Tuesday, May 08, 2018

Bordered Tongues

A pet-peeve of a lot of South Africans, including myself, is when people speak of Africa as if it is one country, or one place separate from the rest of the world. Africa is HUGE. The distance from Tunis on the Mediterranean coast to Cape Town on the Southern Tip is about 8,000 km as the crow flies. That is about the same distance as Amsterdam to Beijing. If you have visited Beijing, you haven't visited Amsterdam. If you have visited Tunis, you haven't visited Cape Town.

The problem is this peeve also works both ways. A friend of mine is working on a project where a lot of business is done in Africa. That is the corporate definition of their area of interest. When he joins conference calls, they will often switch from Arabic to French. Neither of these will be their local language, but they will speak both fluently. My friend speaks neither, so then asks (slightly embarrassed) for them to swap to English. Again, fluently.

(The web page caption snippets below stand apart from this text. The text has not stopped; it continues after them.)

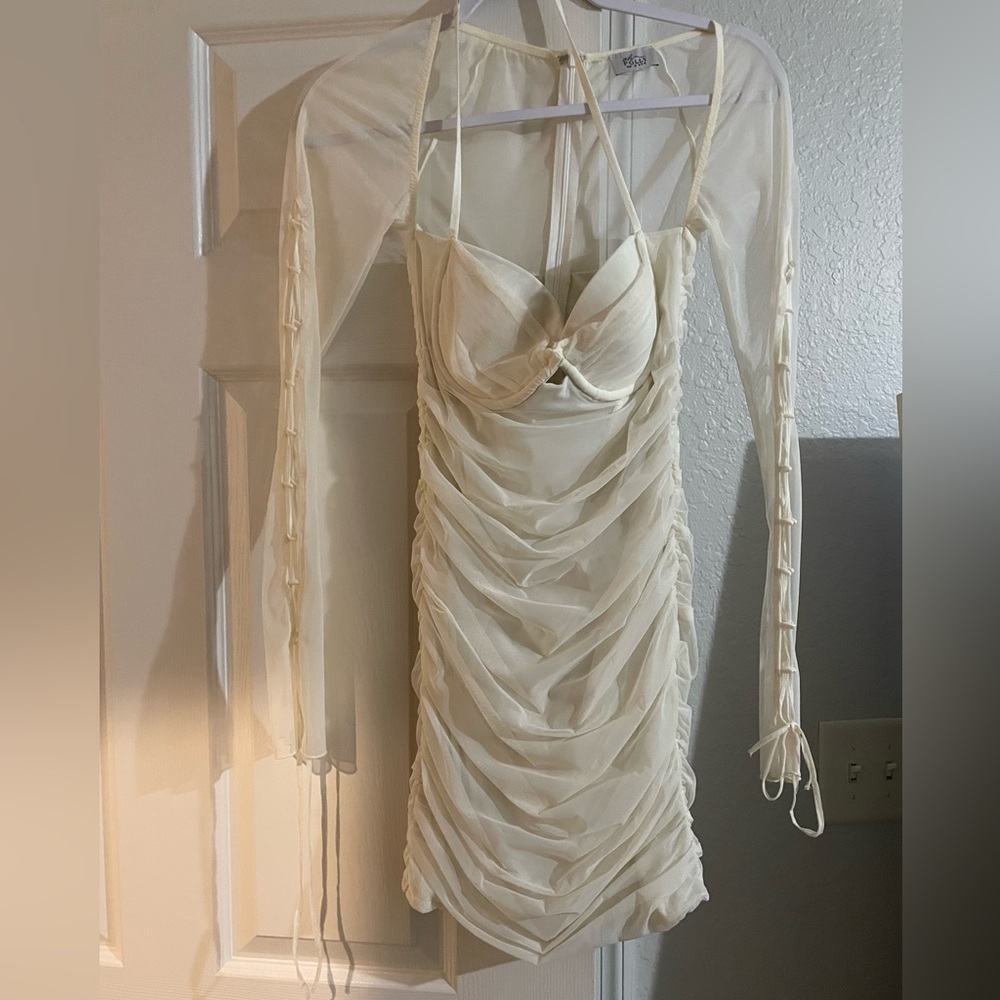 Oh Polly Cream Ruched Bodycon Mini Dress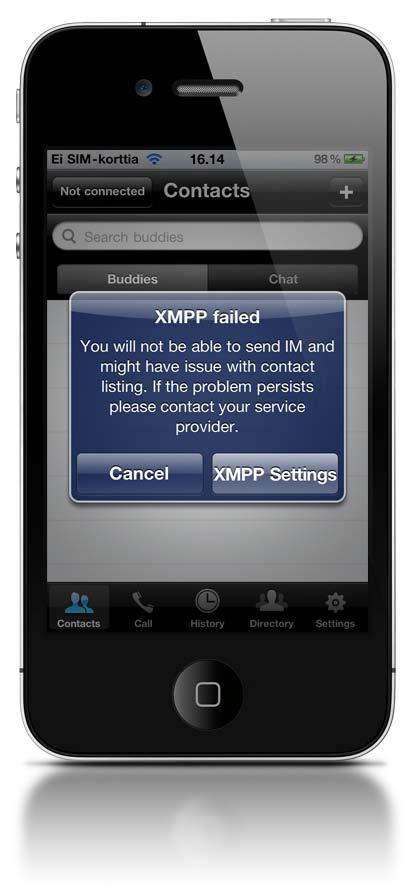 Figure 4 XMPP Login Failure During login, the client also updates its own vcard on the XMPP server, with its own SIP address and primary BroadWorks phone number.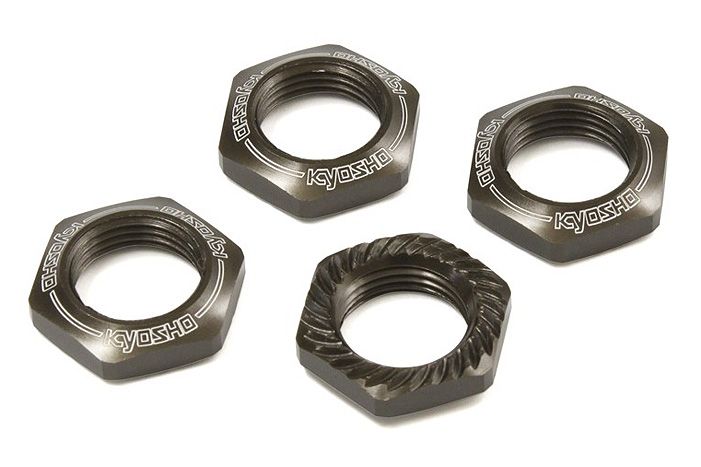KYOSHO 17MM WHEEL NUT (GUNMETAL /4PCS/SERRATED) IFW472GM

Swahili is the widest spoken African language. As Arabic and Persian traders started dealing with Africa a trading language was needed. For the equivalent of my friends business meetings - but a long time ago. It was originally written in Arabic Script. While it is now the first language of about 3-15 million people, it is spoken by about 100 million people.

My friend has started French lessons. Many non-English first language Europeans are adept at picking up new tongues, and training their ears to understand variations. This is like the many skillful linguists in South Africa which has 11 official languages. The 'borders' of these official languages were artificially created as languages were built up as one of the blocks of Nation States.

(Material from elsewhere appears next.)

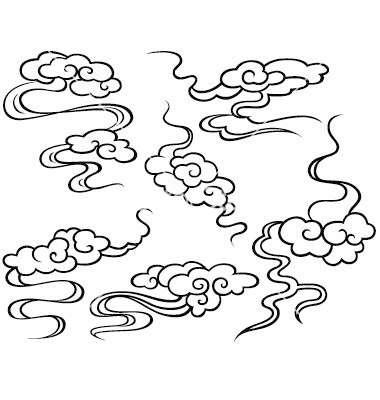 祥云图案简笔画，简笔画美丽的祥云（工笔白描祥云的画法）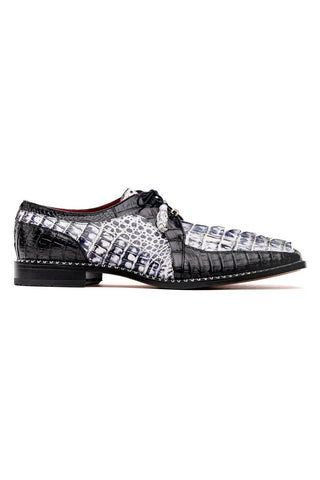 Marco Di Milano Caribe Newspaper & Black Genuine Hornback Caiman Crocodile Derby (MDM1118)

The reality is that language is as full of flavour as people. People don't stay still and don't fit into categories. To truly see, and hear, people... language needs to go back to the kitchen. Adding to your vocabulary can't stop once you have 'finished' mastering your home tongue. Your tongue needs to move with you.

A (small) start is saying someone's name the way they want to be greeted - rather than giving them a name that doesn't need any effort from you.